Episodio del viernes que, vaya ironía, quiso el destino que se jugara en Kaliningrado: esa vieja ciudad teutona de Königsberg, cuna del filósofo Kant, tomada por los soviéticos tras la Segunda Guerra Mundial y rebautizada con el apellido de un líder de la Revolución Bolchevique; donde interminables filas germanas huían cargando lo que les cabía en las manos; donde cada iglesia luterana se convirtió de la noche a la mañana en cristiana ortodoxa; donde el ruso llegó como idioma para quedarse: pedazo de tierra que sabe de expulsiones, de tensiones étnicas y eterno revanchismo, de desplazados y refugiados…, como Kósovo, como numerosos lugares balcánicos.

Antes del partido en Kaliningrado, el ministro serbio de Exteriores había calificado la victoria en el debut sobre Costa Rica como un acto de venganza, recordando que el gobierno tico fue de los primeros en reconocer la independencia de Kósovo; noche en la que se exhibieron en las gradas retratos de Ratko Mladic, condenado por crímenes de lesa humanidad. A eso siguieron dos cantos de los aficionados serbios, respaldados por miles de gargantas rusas que apoyan su causa: “¡Kósovo es Serbia!” y “¡Rusia! ¡Serbia! ¡Hermandad!” -a todo esto, la última vez que Vladimir Putin estuvo en Belgrado, acudió al Estadio Marakana y fue coreado como pocas veces se ha visto con un jefe de Estado; el mismo Putin que desde 2016 da nombre a una localidad serbia, Putinovo.

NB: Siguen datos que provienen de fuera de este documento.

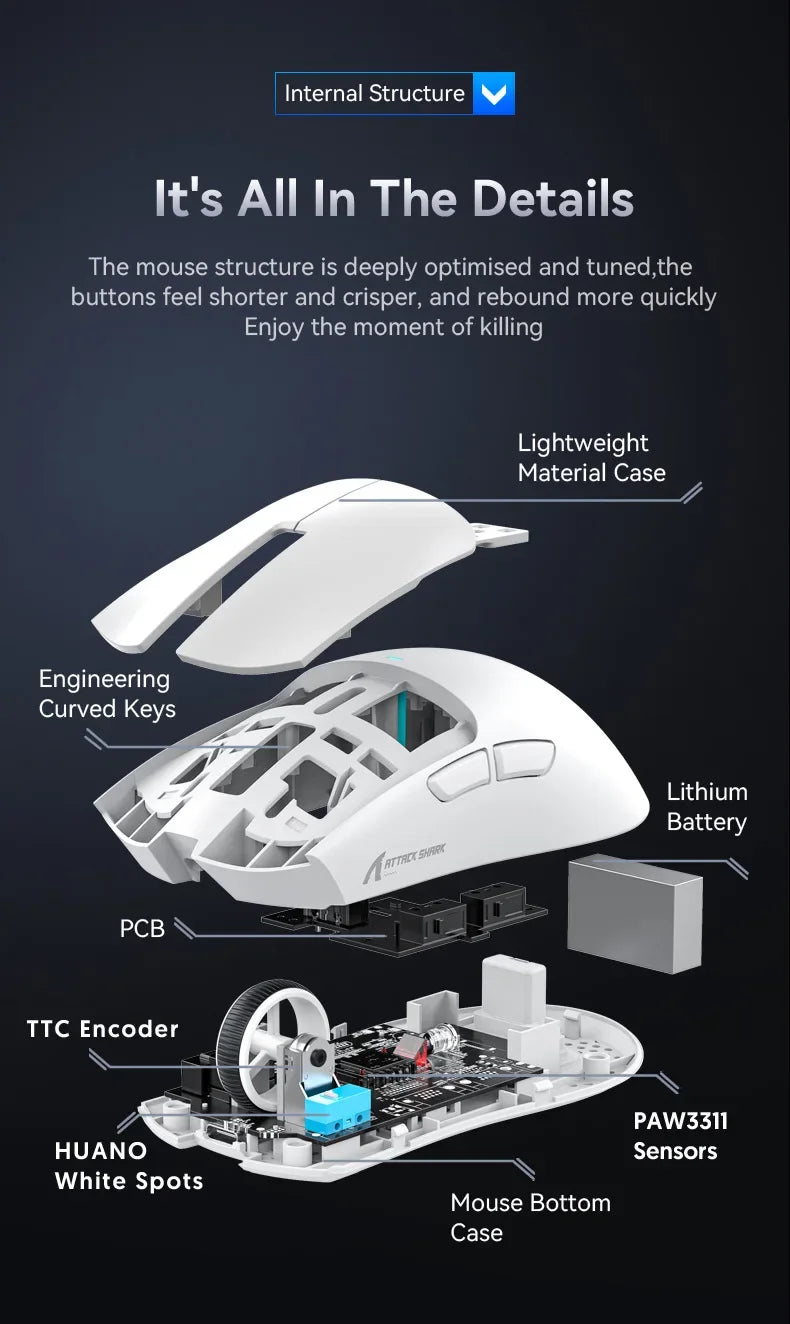 Attack Shark X11 Mouse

Mucho antes, también, ha sido común que cuando se enfrentan equipos serbios con albaneses, algo vaya mal. Sucedió en 2017, cuando en la Europa League un club albano fue recibido con alusiones a la batalla de Kósovo de 700 años atrás entre cristianos y musulmanes; sucedió en 2014, en el clasificatorio para la Eurocopa, cuando una insignia de la Gran Albania (que incluye territorios serbios) bajó a la cancha en un dron y propició una batalla campal; ese día, pelearon por quedarse la bandera el delantero serbio Alexander Mitrovic y el albanés Taulant Xhaka. El mismo Mitrovic que declaraba a horas del cotejo frente a Suiza: “Levantan esos colores, pero luego se niegan a jugar para ese país, eso dice mucho de ellos”. Al tiempo, Granit Xhaka, hermano de Taulant e hijo de un independentista kosovar que estuvo preso, haría el primer gol suizo y celebraría con el gesto del águila albanesa. A eso se añadiría el segundo tanto, de Xherdan Shaqiri, cuyos zapatos pretendió prohibir la federación serbia, por mostrar la bandera de Kósovo. O Valon Behrami, con tatuajes alusivos a la patria kosovar.

En medio de tanta rispidez, y con el presidente de Kósovo declarando, “¡Orgullosos de ustedes, Kósovo los ama!”, desde el campamento de Croacia llegaba una grabación en los festejos tras vencer a Argentina: el defensa Dejan Lovren cantando un estribillo asociado con los Ustashas, el grupo extremista tanto en la Segunda Guerra Mundial como en la confrontación de los noventa.

Los Balcanes, donde todavía es imposible el futbol, como todo lo demás, sin política.